いや、むしろ著者が指摘するように清と共依存で一体になっているからこそ、坊っちゃんもそれ以外の親密な人間関係を求めず、また安心?して破壊的な人間関係を家族・同僚・生徒との間に繰り広げることができた、とも言えそうだ。その意味でも、小説「坊っちゃん」の影の主人公は清なのだと思う。

ちなみに、坊っちゃんは江戸っ子(漱石が自身を投影しているとすれば維新で没落した名主の家系)で戸主相続権を持たない次男、清は「瓦解」(=いわゆる明治維新)で没落した武家の娘、山嵐会津人と、坊っちゃん側にはみごとに維新・明治体制の「負け組」が勢揃いしている。出版当時の読者であれば、そこに維新から引きずって来た鬱屈と爆発を読み取ることも容易であったろう。また清の坊っちゃんへの溺愛・同情も、明治民法下の家制度と無関係ではないと思う。

また、「坊っちゃん」が1906年、日露戦争講和の翌年、戦勝ムードの一方で日比谷焼打事件などで騒然としていた頃の作品であることにも気をつけたい。

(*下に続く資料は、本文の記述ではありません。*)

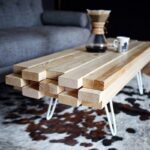 mobilier din lemn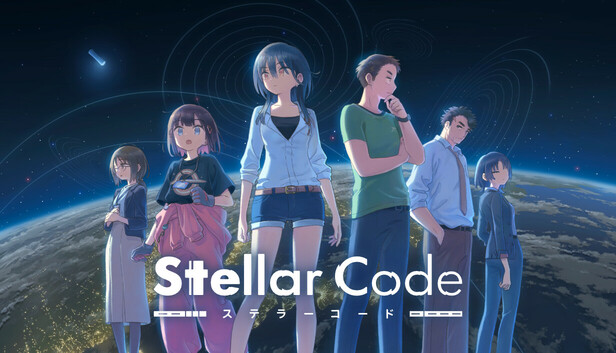 Stellar Code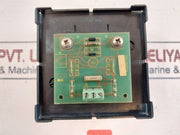 Nor Control 0-40 Bar Meter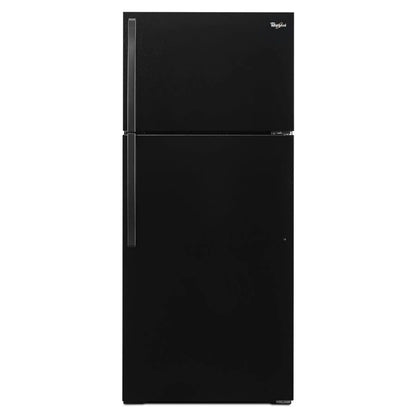28" Wide Top Freezer Refrigerator - 14 Cubic Feet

「それから」の代助の台詞、

「何故働かないつて、そりや僕が悪いんぢやない。つまり世の中が悪いのだ。もつと、大袈裟に云ふと、日本対西洋の関係が駄目だから働かないのだ。第一、日本程借金を拵らへて、貧乏震ひをしてゐる国はありやしない。此借金が君、何時になつたら返せると思ふか。そりや外債位は返せるだらう。けれども、それ許ばかりが借金ぢやありやしない。日本は西洋から借金でもしなければ、到底立ち行かない国だ。それでゐて、一等国を以て任じてゐる。さうして、無理にも一等国の仲間入をしやうとする。だから、あらゆる方面に向つて、奥行を削つて、一等国丈の間口を張はつちまつた。なまじい張れるから、なほ悲惨なものだ。牛と競争をする蛙と同じ事で、もう君、腹が裂けるよ・・・」

を想起すると、坊っちゃんが依存し、金も平気で借りており、破壊的人格の育ての親、かつ大甘な実の保護者である清を明治日本のスポンサーであり日清・日露戦争に駆り立てた英国に準えることも可能ではないか。そう考えると「坊っちゃん」は漱石による明治日本、およびそれが作り上げた男性像のやや辛辣な自画像、という気がしてならない。